Sonia Irene Cárdenas Solís
Em meio ao conflito de uma década na Colômbia, a Agroecologia surgiu como uma estratégia para ajudar as mulheres a lidar com os efeitos perversos da guerra e, ao mesmo tempo, alimentar suas famílias. A Associação de Mulheres Organizadas da cidade de Yolombó (Amoy), no departamento de Antioquia, não só promove atividades agroecológicas, mas também oferece apoio para que as mulheres enfrentem os horrores da guerra, ao propiciar um espaço em que elas podem expressar seus medos e sofrimentos, encontrar refúgio e desenvolver estratégias para se proteger dos grupos armados.
Nos últimos 50 anos, cerca de 5,2 milhões de agricultores colombianos foram expulsos de suas terras e cerca de oito milhões de hectares de terras agrícolas foram tomados de seus proprietários devido ao conflito armado interno da Colômbia. A guerra e as políticas neoliberais causaram muito sofrimento, especialmente para as mulheres agricultoras. Buscando superar essa situação, muitas mulheres começaram a participar de iniciativas de inovação agroecológica, assegurando o abastecimento alimentar e, ao mesmo tempo, lutando por justiça social e ambiental. Um bom exemplo desse fenômeno é a experiência da Associação de Mulheres organizadas de Yolombó (Amoy), que sinaliza como a Agroecologia pode contribuir para a transformação das relações de poder historicamente marca- das pela subordinação das mulheres.

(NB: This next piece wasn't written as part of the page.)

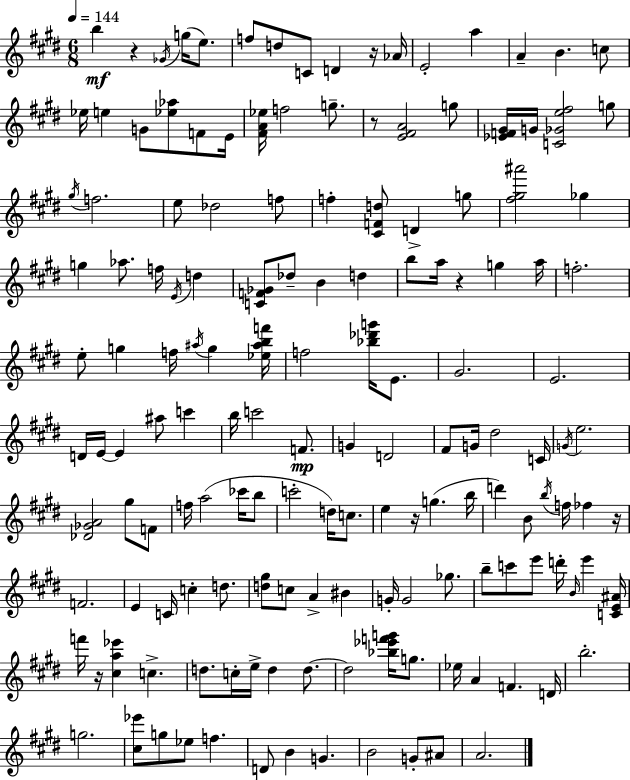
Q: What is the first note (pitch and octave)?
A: B5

As integrantes da Amoy se reuniram pela primeira vez em 1994, alguns anos antes da escalada do conflito armado. Elas discutiram problemas como a escassez de água, o desmatamento, a degradação dos solos e a diminuição da diversidade das culturas alimentares. Nas palavras de uma das associadas: Estamos preocupadas porque não estamos conseguindo alimentar nossas famílias. Devemos trabalhar em conjunto para melhorar as nossas vidas e cuidar do meio ambiente para que os nossos recursos não desapareçam. Elas começaram a questionar por que tinham tão pouco acesso ao crédito, por que não possuíam terras, por que não tinham acesso algum a tecnologias e por que elas possuíam tão poucos animais e lavouras. Além disso, identificaram que gastavam muito tempo cuidando de suas famílias porque, por exemplo, eram obrigadas a andar longas distâncias para conseguir água e lenha. A partir dessas reflexões, buscaram mecanismos para aumentar sua renda e investir em questões que consideravam primordiais: educação, saúde e melhores condições de moradia.

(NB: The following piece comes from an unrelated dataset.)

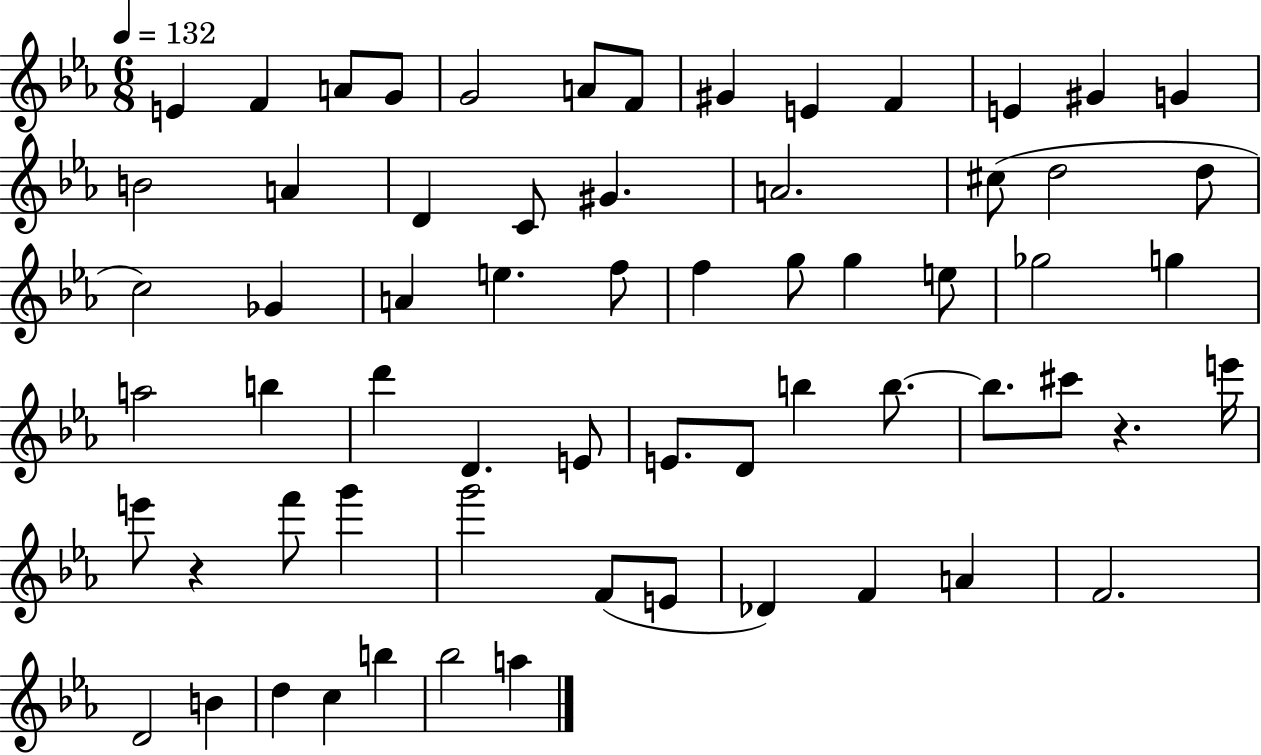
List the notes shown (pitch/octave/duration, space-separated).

E4/q F4/q A4/e G4/e G4/h A4/e F4/e G#4/q E4/q F4/q E4/q G#4/q G4/q B4/h A4/q D4/q C4/e G#4/q. A4/h. C#5/e D5/h D5/e C5/h Gb4/q A4/q E5/q. F5/e F5/q G5/e G5/q E5/e Gb5/h G5/q A5/h B5/q D6/q D4/q. E4/e E4/e. D4/e B5/q B5/e. B5/e. C#6/e R/q. E6/s E6/e R/q F6/e G6/q G6/h F4/e E4/e Db4/q F4/q A4/q F4/h. D4/h B4/q D5/q C5/q B5/q Bb5/h A5/q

As mulheres queriam imprimir mudanças profundas em suas vidas para passarem a ter perspectivas de um futuro digno para si e para seus filhos. Ninguém, incluindo as próprias mulheres, valorizava o seu trabalho árduo e, consequentemente, a sua autoestima era muito baixa. Durante as reuniões promovidas pela Amoy, elas refletiram e perceberam que uma das principais causas desses problemas era a falta de autonomia, que envolvia a falta de poder de decisão e a falta de acesso aos meios de produção. Para empoderar as mulheres, a Amoy combinou o enfoque agroecológico com a abordagem ecofeminista. Dessa forma, busca assegurar a satisfação das necessidades de subsistência ao fortalecer a estreita relação que elas mantêm com a natureza.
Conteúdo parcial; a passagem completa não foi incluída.